TASK DETAILS.
In the data below, repeat the line containing "Logotipo da empresa" and every following line exactly, up to and including the last line. Exclude pictures.

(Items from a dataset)
==*==
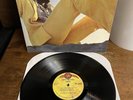CURTIS MAYFIELD Curtis ORIG 1970 Self Titled LP Gatefold CURTOM CRS-8005 Soul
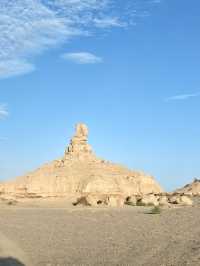 1日敦煌包車遊輕鬆玩遍必打卡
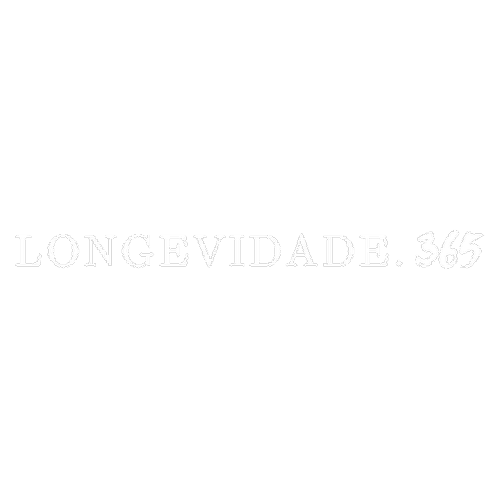 Logotipo da empresa ESPACO LONGEVIDADE 365 LTDA
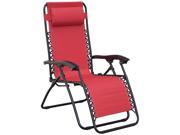 Relaxer Adj Red Oxford Fabric Relaxer Adj Red Oxford Fabric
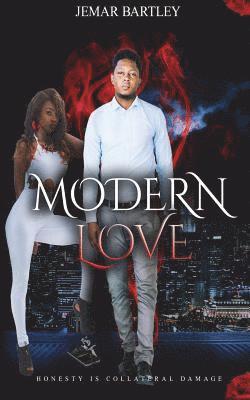 Modern Love 1
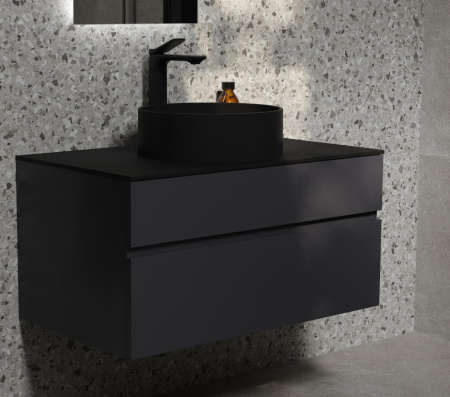 8ha1bakz1icqevbn2mhnm4mx5b6r7p89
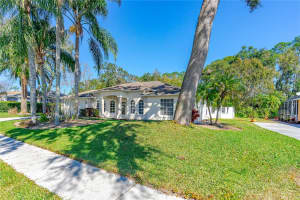 6088 SABAL HAMMOCK CIRCLE, PORT ORANGE, FL 32128 Sold 06/12/25
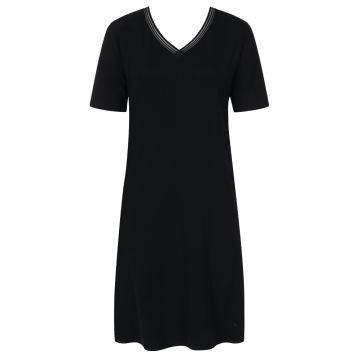 Tencel® Sommer Sleepshirt CLIMATE CONTROL von Triumph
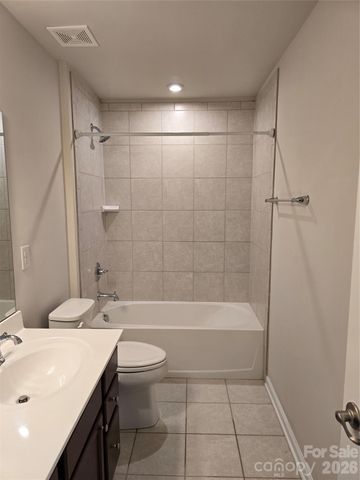 7270 Waterwheel Street SW, Concord, NC 28025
==*==
RESULT OF THIS TASK.
 Logotipo da empresa ESPACO LONGEVIDADE 365 LTDA
 Relaxer Adj Red Oxford Fabric Relaxer Adj Red Oxford Fabric
 Modern Love 1
 8ha1bakz1icqevbn2mhnm4mx5b6r7p89
 6088 SABAL HAMMOCK CIRCLE, PORT ORANGE, FL 32128 Sold 06/12/25
 Tencel® Sommer Sleepshirt CLIMATE CONTROL von Triumph
 7270 Waterwheel Street SW, Concord, NC 28025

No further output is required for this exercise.